From alternative cooking aids to learning apps
Among the start-ups vying for the “lion’s” favour are Paudar from Düsseldorf. Founders, Deniz Schöne and Johannes Schmidt, have come up with a powder instead of conventional fats for frying meat, fish and vegetables etc. The vegan frying fat in powder form is easy to dose, almost fat-free and does not splash, the duo said. Paudar was lauded as best product at this year’s Food Innovation Camp in Hamburg’s Chamber of Commerce. Other competitors on the show include Swiss national Patrick Mayer, who aims to give people with limited mobility more freedom with his wheelblades. The invention prevents wheelchairs, prams or walking frames from sinking into the snow. Another Swiss national, Rubin Lind, is set to showcase Sphery – a fitness machine based on a game-based training concept that combines physical and brain training. The product is not his first invention. At the tender age of 17, Lind developed a learning app named Skills4School based on a learning algorithm for determining progress and suggesting individual content.

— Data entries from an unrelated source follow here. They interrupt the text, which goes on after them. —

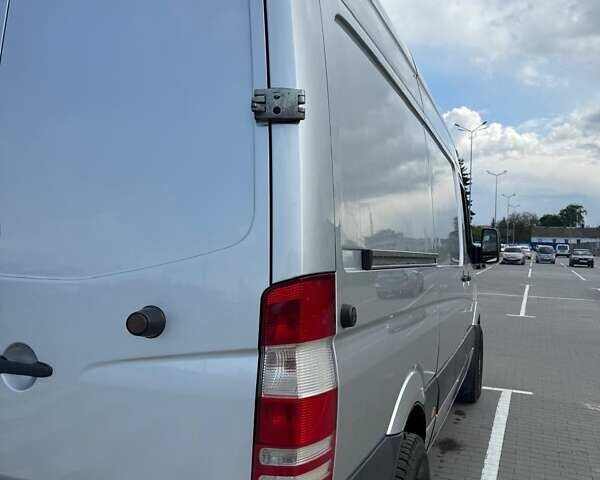Сірий Мерседес Sprinter, об'ємом двигуна 2.99 л та пробігом 574 тис. км за 22500 $, фото 8 на Automoto.ua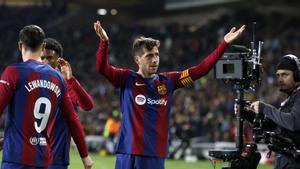 Sergi Roberto celebra uno de sus dos goles al Almería en Montjuïc.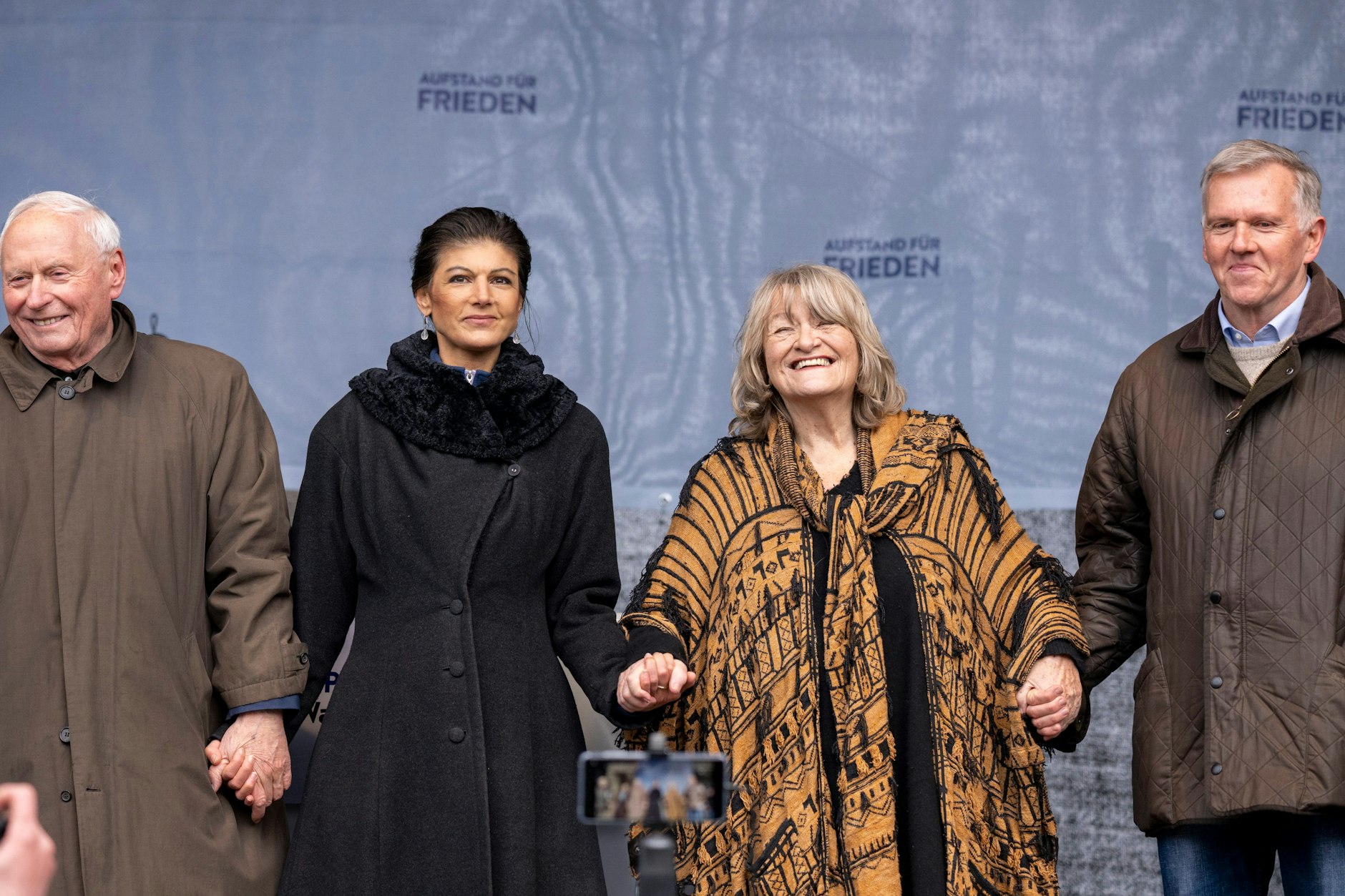 Erich Vad auf einer Friedenskundgebung am Brandenburger Tor am 25.2.2023, neben ihm Alice Schwarzer, Sahra Wagenknecht und Oskar Lafontaine (v.r.n.l.)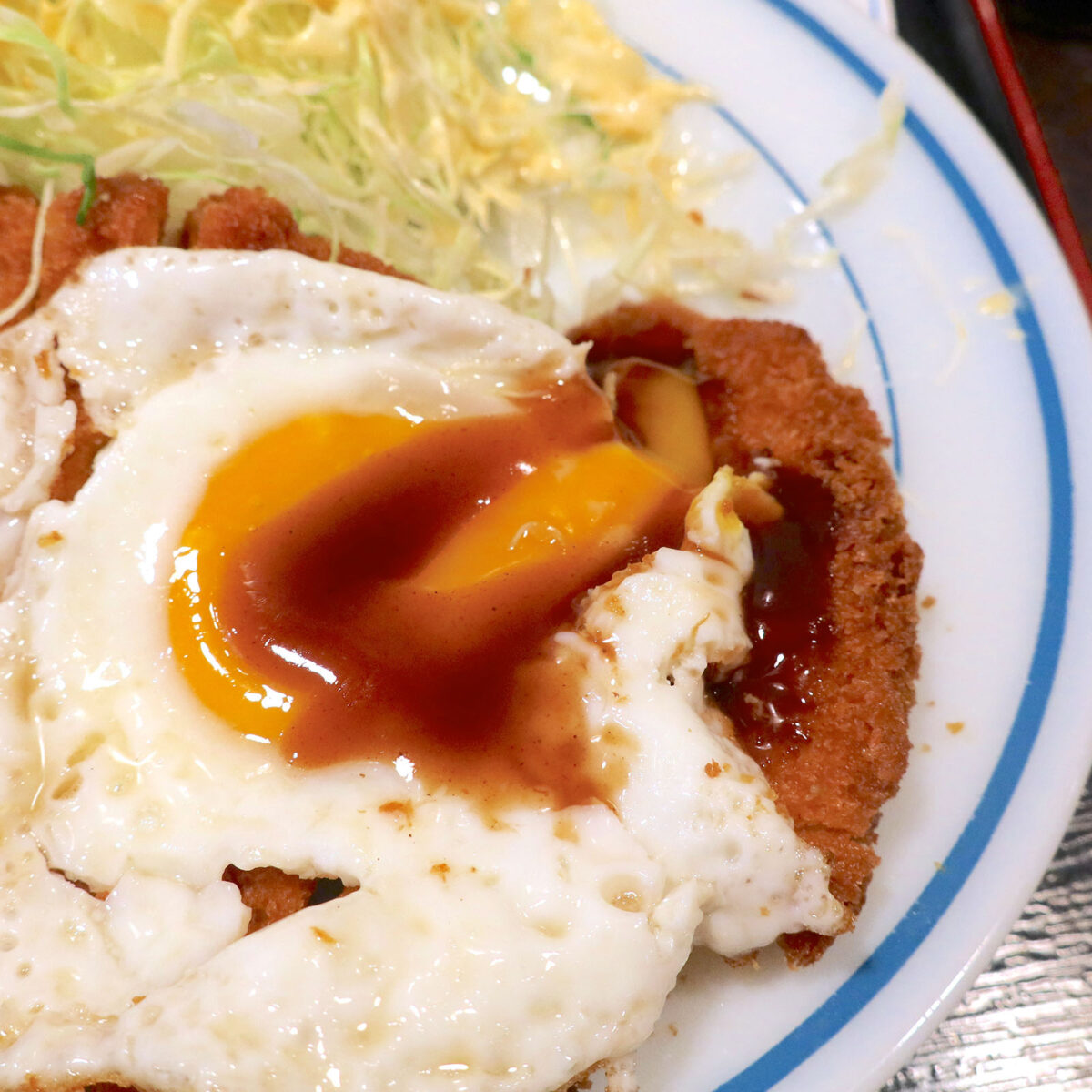 目玉焼きとソースで食べる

Revolutionising the tattoo industry from Hamburg
Janet Carstensen, who hails from Hamburg, is aiming to revive the tattoo industry. “My product consists of natural ingredients only and is a world novelty. It’s been around for centuries, but we’ve finally discovered it,” said the founder of Jagua for you. The skin gel is extracted from Genipapo Americana trees, which are native to tropical forests in North and South America. The unripe fruit yields a liquid used as a dye for tattoos lasting up to two weeks. The temporary tattoo can be removed without leaving any residue or causing side effects. Carstensen, 37, is keen to expand and needs an investment of EUR 150,000 in return for 15 per cent share of her company.
Seven brave Hanseatic start-ups
Hanseatic founders and their innovative ideas featured in seven out of 12 episodes last season. Successful entrepreneurs included Karen Löhnert and Dennis Brosseit, who pitched their Sleepcube and won over hotel expert Dagmar Wöhrl. The “lioness” invested EUR 250,000 in their mobile hotel room in return for a 25.1 per cent share of the company.
A so-called Trockenfix by Andreas Plath also met with plenty of interest from the jury. The spiral-shaped construction is designed to dry laundry without electricity, saving space and without creases – in a third of the time, Plath assured. The founder eventually opted for an investment of EUR 200,000 offered by Ralf Dümmel in return for a 40 per cent share of the company over the other “lion” Georg Kofler.
An invention called Caps Air, by Ralph Ecks, consisting of a capsule system for getting rid of moths and unpleasant odours also secured a deal. The capsule suited Dümmel’s product range and yielded an investment of EUR 200,000 in return for a 30 per cent share of the company.